The foundation of the bridge is assumed to be fixed at the top of well foundation. To simplify the problems, interaction between soil and the foundation of the bridge structure is neglected in this study. It is common in engineering practice to use a simplified bilinear model with kinematic hardening rules, as shown in Figure 7(b), to represent the behavior of elastomeric bearings (Naeim and Kelly, 1999). The bilinear model can be completely described by the elastic stiffness, K₁, characteristic strength Q, and post-yielding stiffness K₂. The characteristics strength Q of the bearing is taken as 10% of the weight carried by the bearings. This value has been widely accepted among the bearing designers (Abdel Raheem, 2009; Ali and Abdel-Ghaffar, 1995). The elastic stiffness to post-yielding stiffness ratio, K₂/K₁, is taken as 0.10. The elastic stiffness of the elastomeric bearings is taken as 13.25 MN/m, the post-yielding stiffness is 1.32 MN/m, and the characteristic strength is 98.60 kN.

Pounding between two decks or deck and abutment is modeled using a linear impact spring element with a gap of 25 mm. The stiffness of impact element K_i and the impact force F_i at the impact spring element are expressed as

K_{i} = γ \frac{AE}{L}

(5)

F_{i} = K_{i} \cdot Δ u

(6)

where Δu is the relative closing displacement between the adjoining bridge superstructures beyond the provided gap width. In equation (5), A is the sectional area of the deck, γ is the ratio of the impact spring stiffness to the stiffness of the superstructure, and E is the modulus of elasticity of the deck material. In this study, γ is taken as 2 based on the previous studies on similar bridges (Abdel Raheem, 2009; Ruangrassamee and Kawashima, 2003). The stiffness of the impact spring is calculated to be 7884 MN/m. The abutment of the bridge is modeled using linear spring. The stiffness of abutment spring, K_abut, used in the analysis is 174 MN/m. The abutment springs get activated only in passive direction of the abutment.

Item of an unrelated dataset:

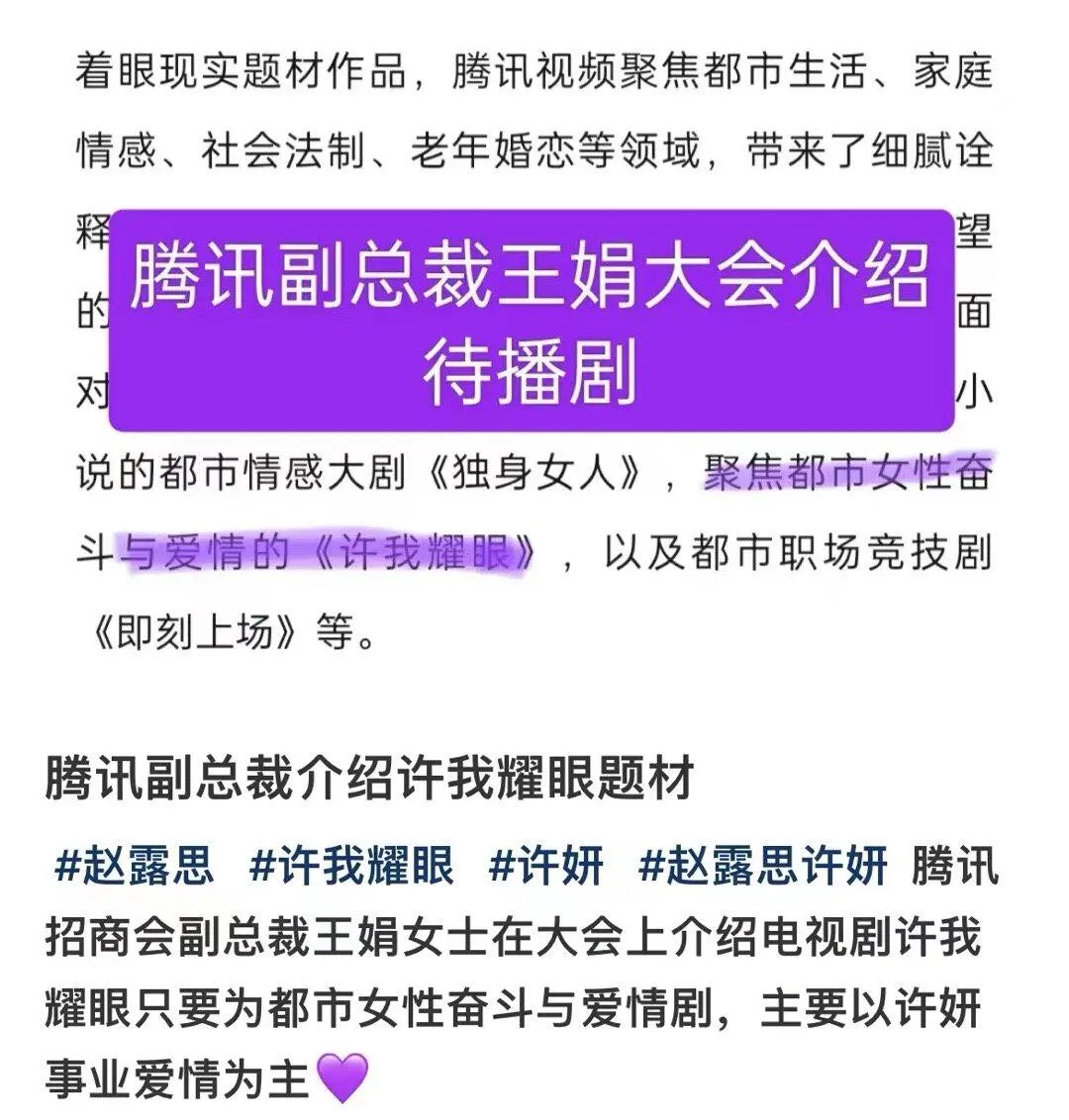 腾讯招商会副总裁在大会上介绍待播电视剧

The mechanical model of as-built bridge and bridge installed with V-type and R-type RFHD is illustrated in Figure 7(a)–(c), respectively. In the figure, RLinkiL and RLinkiR refer to the rigid link connecting the ith pier with the deck on the left and right sides of the ith pier, respectively, AbutSpr1 is the abutment spring at abutment 1, Br2L refers to the left bearing at Pier 2, and Vtype2L refers to V-type RFHD at the left side of Pier 2. R-type 2 indicates R-type RFHD placed above pier 2.

Figure 7.

Mechanical model of (a) as-built bridge, (b) bridge with V-type dampers, and (c) bridge with R-type dampers at intermediate joints.

Ground motions

The method proposed by Bi and Hao (2012) is used to simulate spatially varying ground motion time histories. The ground motions are simulated to be compatible with the design response spectrum defined in Indian code IS 1893:2002 (2002) for Type III (soft soil) condition normalized to peak ground acceleration (PGA) of 0.65g. The PGA value adopted in this study was determined in recent probabilistic seismic hazard analyses (PSHAs) (Mahajan et al., 2010; Parajuli, 2009; Ram and Wang, 2013) for regions in Nepal and the adjoining areas for rare earthquake events that should be used for designing lifeline bridge structures.

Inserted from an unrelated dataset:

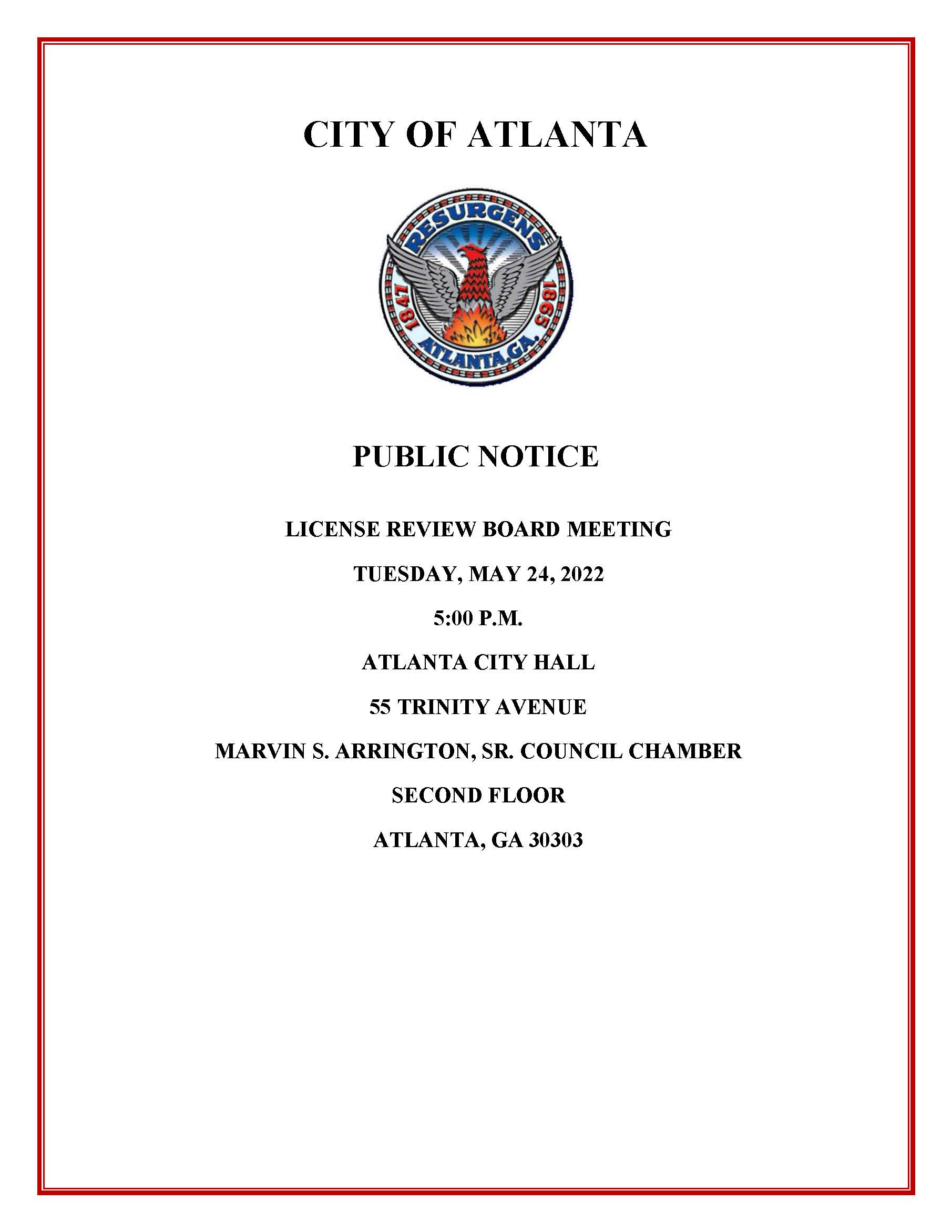 License Review Board Meeting Public Notice 5.24.2022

The spatial variation between ground motions recorded at two locations j and k on the ground surface is modeled by a theoretical coherency loss function (Sobczky, 1991)

\begin{matrix} γ_{jk} (i ω) = | γ_{jk} (i ω) | \exp (- i ω d_{jk} \cos α / v_{app}) \\ = \exp (- β ω d_{jk}^{2} / v_{app}) \cdot \exp (- i ω d_{jk} \cos α / v_{app}) \end{matrix}

(7)

where $β$ is a constant reflecting the level of coherency loss, $d_{jk}$ is the distance between the two locations j and k in the wave propagation direction, f is the frequency (Hz), $v_{app}$ is the apparent wave velocity, and $α$ is the seismic wave incident angle. In this study, β = 0.001, and v_app and α are assumed to be 500 m/s and 45°, respectively. The adopted value of β represents the intermediate coherency losses of the spatial ground motions at supports of the bridge. To obtain a relatively unbiased response accounting for the random phase angles of ground motions, five sets of spatial ground motion time histories (referred as GM1–GM5) are simulated independently. The sampling frequency is set to 100 Hz, and the duration of the ground motion is 20.47 s in the simulation. Figure 8 compares the response spectra of the simulated spatial ground motions with the target response spectrum. As shown, the response spectra of the simulated spatial ground motions at the five sites are all compatible with the design response spectrum.

Figure 8.

Comparison of response spectra of simulated ground motions with the design response spectra.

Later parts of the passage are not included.